Few-shot learning (FSL) is an approach in machine learning where models are trained to perform classification or prediction tasks using only a small number of labeled examples per class. Unlike traditional models requiring large datasets, few-shot learning focuses on rapid generalization from limited samples, making it highly valuable in domains with scarce or costly data.
Minimal Training Samples
Few-shot models operate with 1–10 labeled examples per class, enabling learning under strict data scarcity.
Generalization Capability
FSL emphasizes transferring learned representations to new unseen tasks, reducing dependency on large annotated datasets.
Meta-Learning Foundation
Most few-shot systems use meta-learning (“learning to learn”), where the model is trained across many small tasks to quickly adapt to new ones.
Similarity-Based Classification
Techniques such as prototypical networks classify new inputs by measuring distance to class prototypes in embedding space.
Data Augmentation Support
Augmentation (rotation, noise injection, paraphrasing, etc.) is used to increase dataset variability without manual labeling.
Meta-Training and Task Sampling
Training is structured as small episodic tasks that simulate few-shot inference conditions.
Embedding-Based Models
Neural architectures with attention, memory modules, or vector similarity functions improve class separation.
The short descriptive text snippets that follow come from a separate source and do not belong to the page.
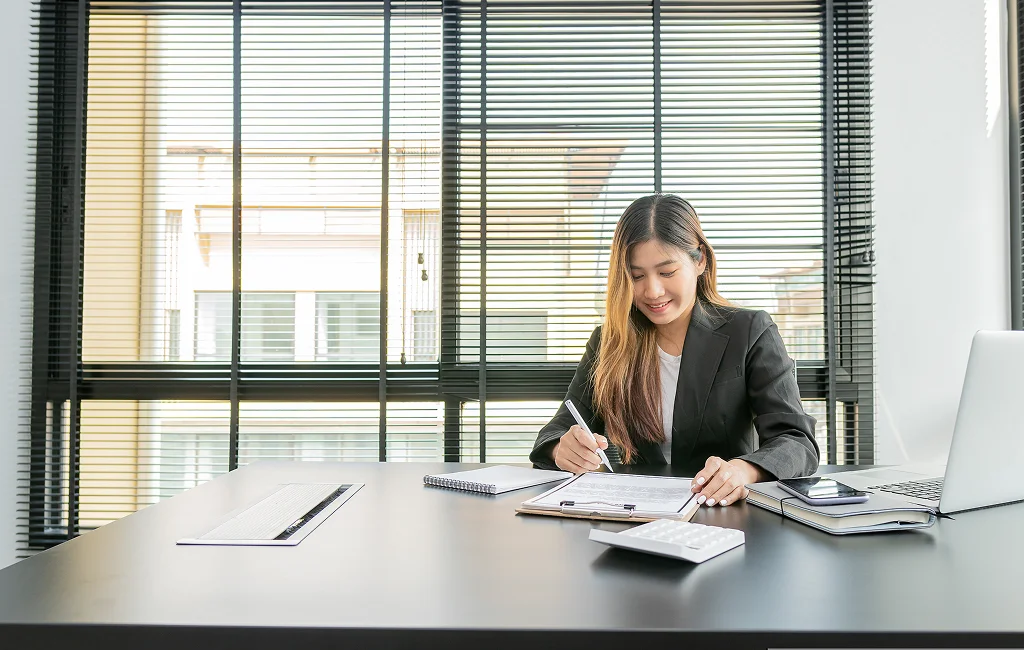 Bookkeeping Services For Small Businesses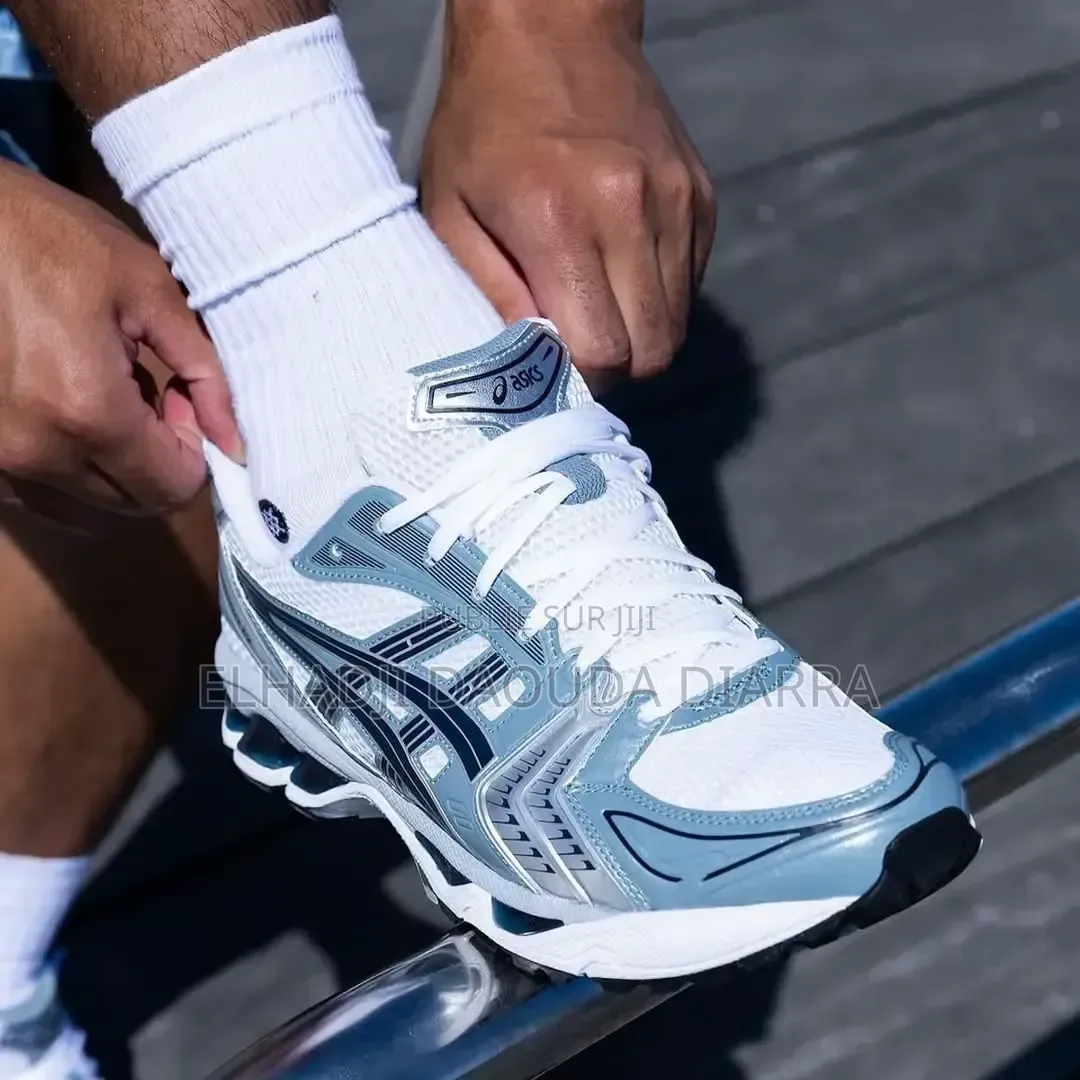 Asics Gel-Kayano 14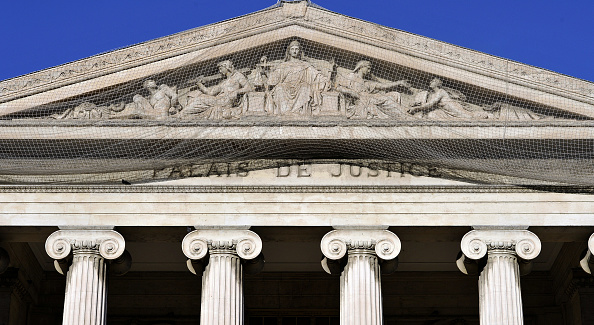 À Marseille, procès des «Arrow Baga», gang criminel nigérian ultra-violent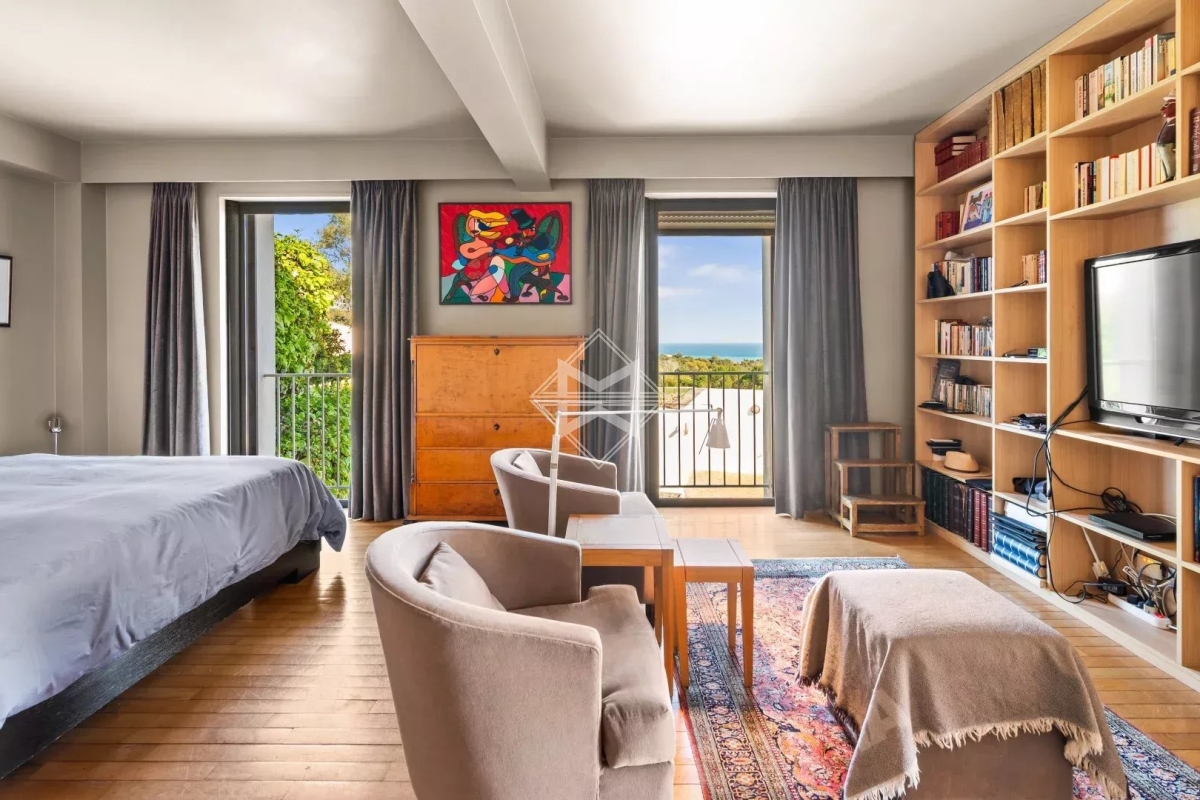 Maison de luxe à vendre à Villeneuve-Loubet, 3 950 000 €, Photo 7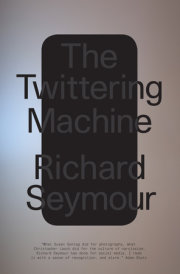 The Twittering Machine 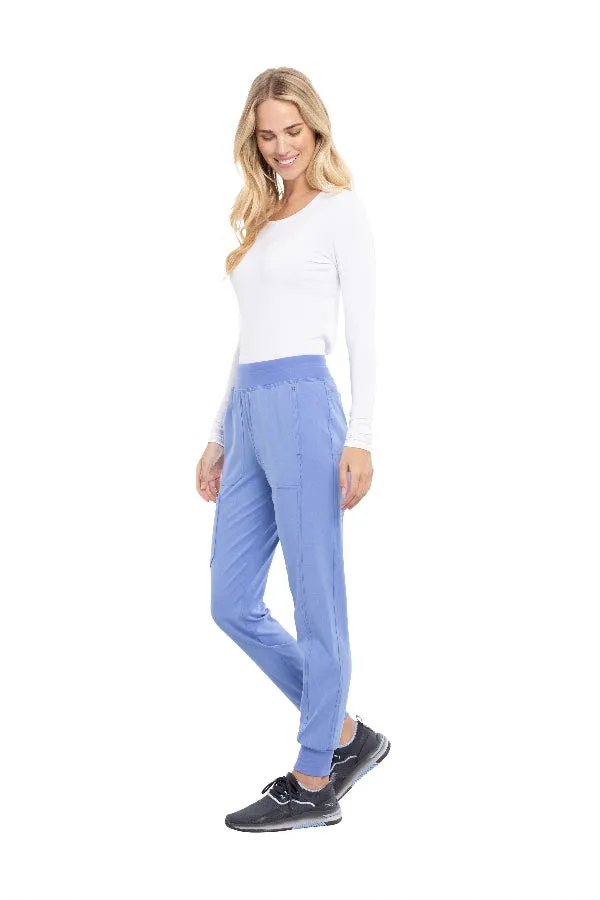 Mid Rise Jogger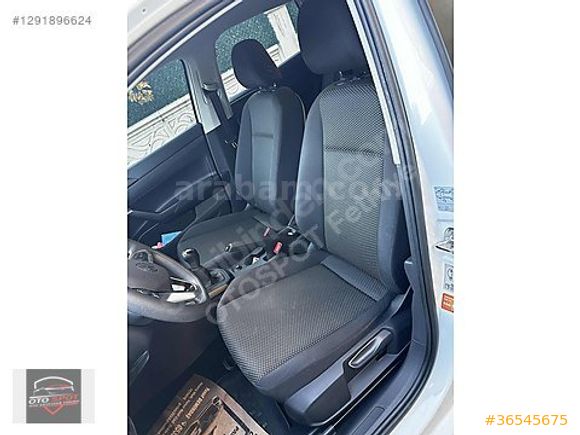 2023 Model 47.000 km Vw Polo 1.0 İmpression HATASIZ BOYASIZ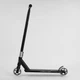 Трюковий самокат Best Scooter LineRunner LR-58077 з кермовою системою HIC, колеса 110 мм + 2 пеги, Чорно-сріблястий - зображення 3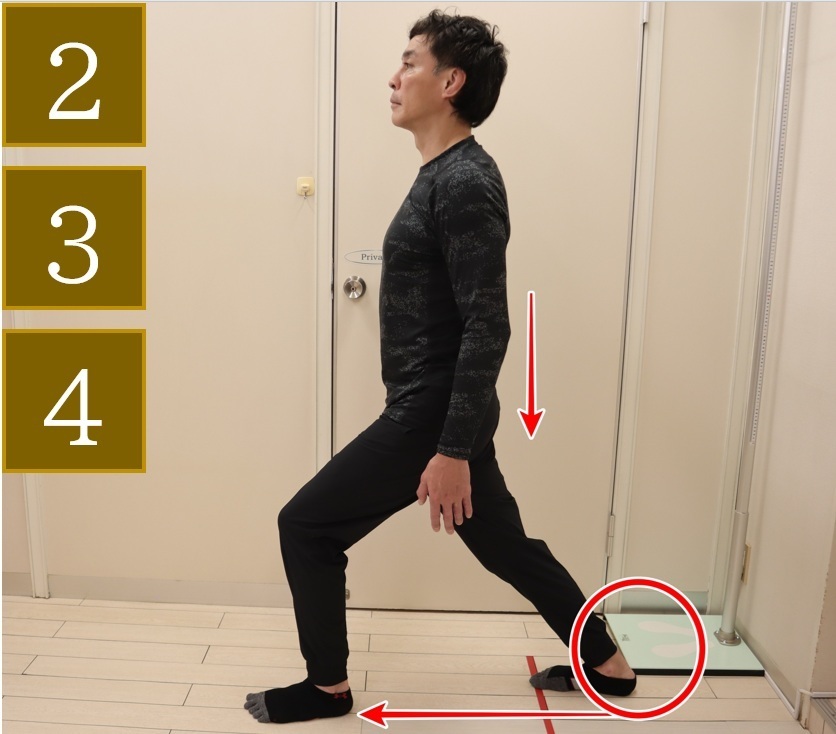 正しい歩き方で全身リセット！【ポイントを押さえて効果倍増】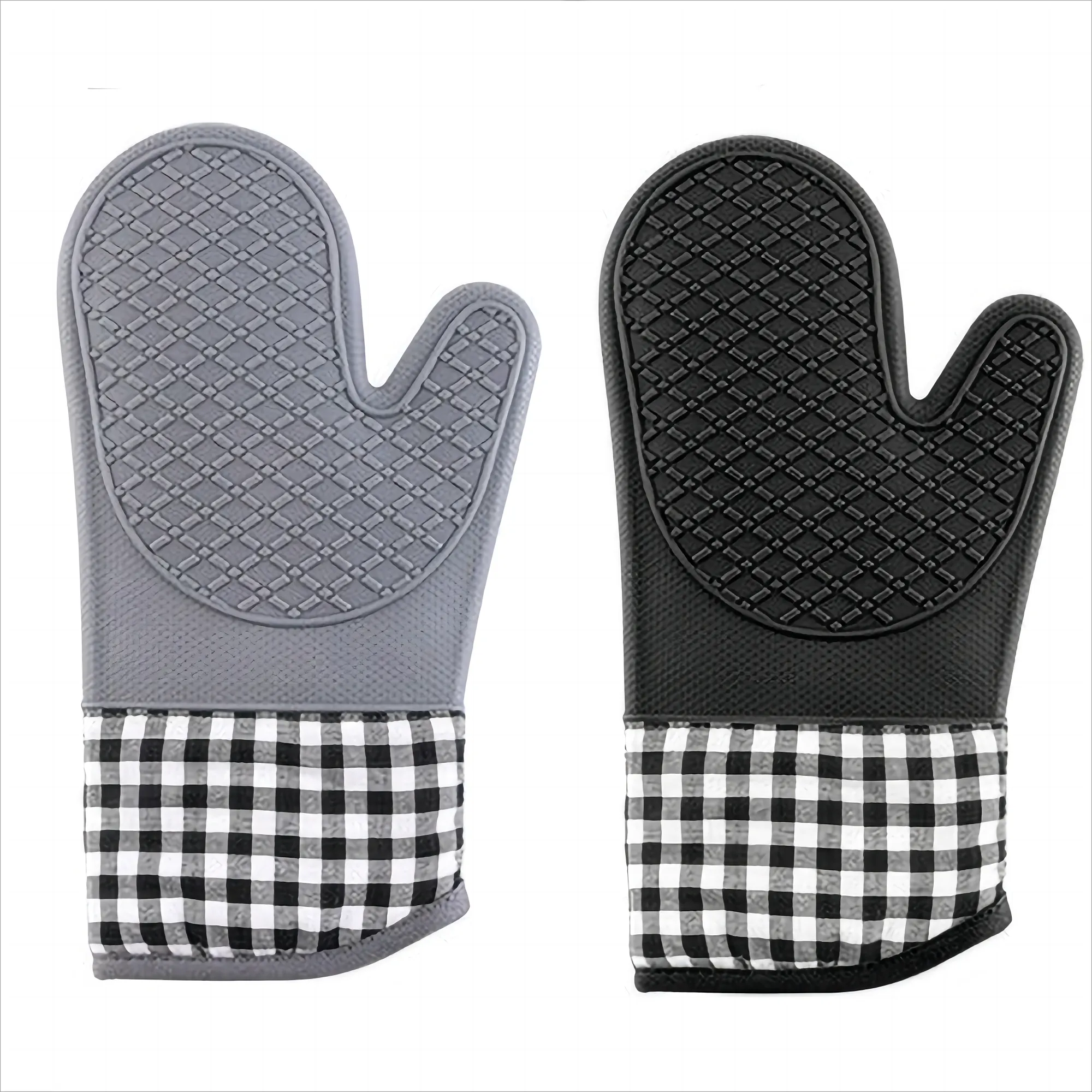Oven Mitts 4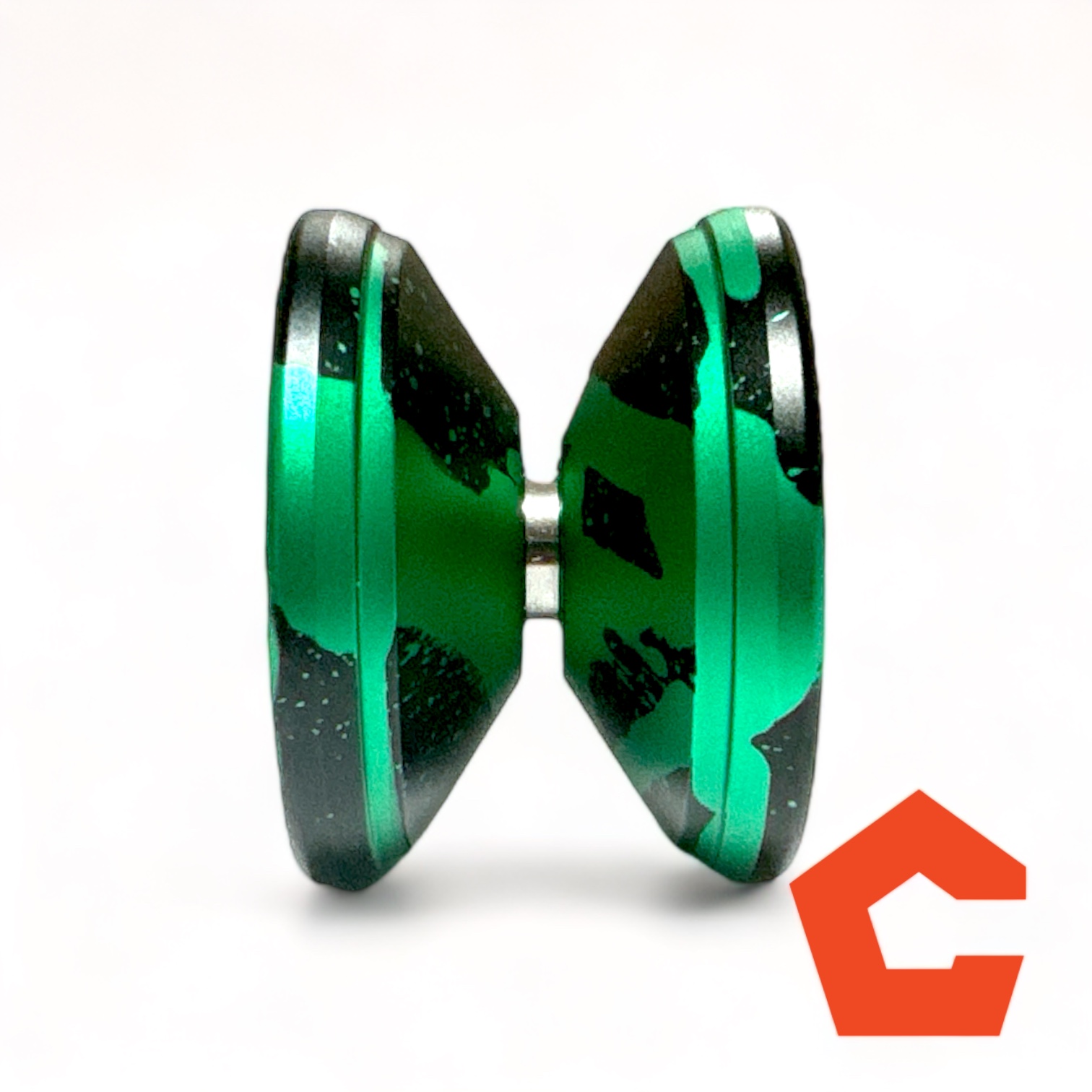 Yoyo โยโย่ MagicYoyo V6 LOCUS | by CANDYspeed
Specialized Loss Functions
Contrastive loss or triplet loss ensures similar samples cluster while dissimilar samples remain distant.
Transfer Learning and Fine-Tuning
Pre-trained large models are adapted using limited new data, improving accuracy and reducing training cost.
A simplified representation of few-shot classification via distance-based scoring:
Prediction = argmin(distance(Embedding(x), Prototype(class_i)))
Where prototypes are computed as:
Prototype(class_i) = mean(Embedding(training_samples_i))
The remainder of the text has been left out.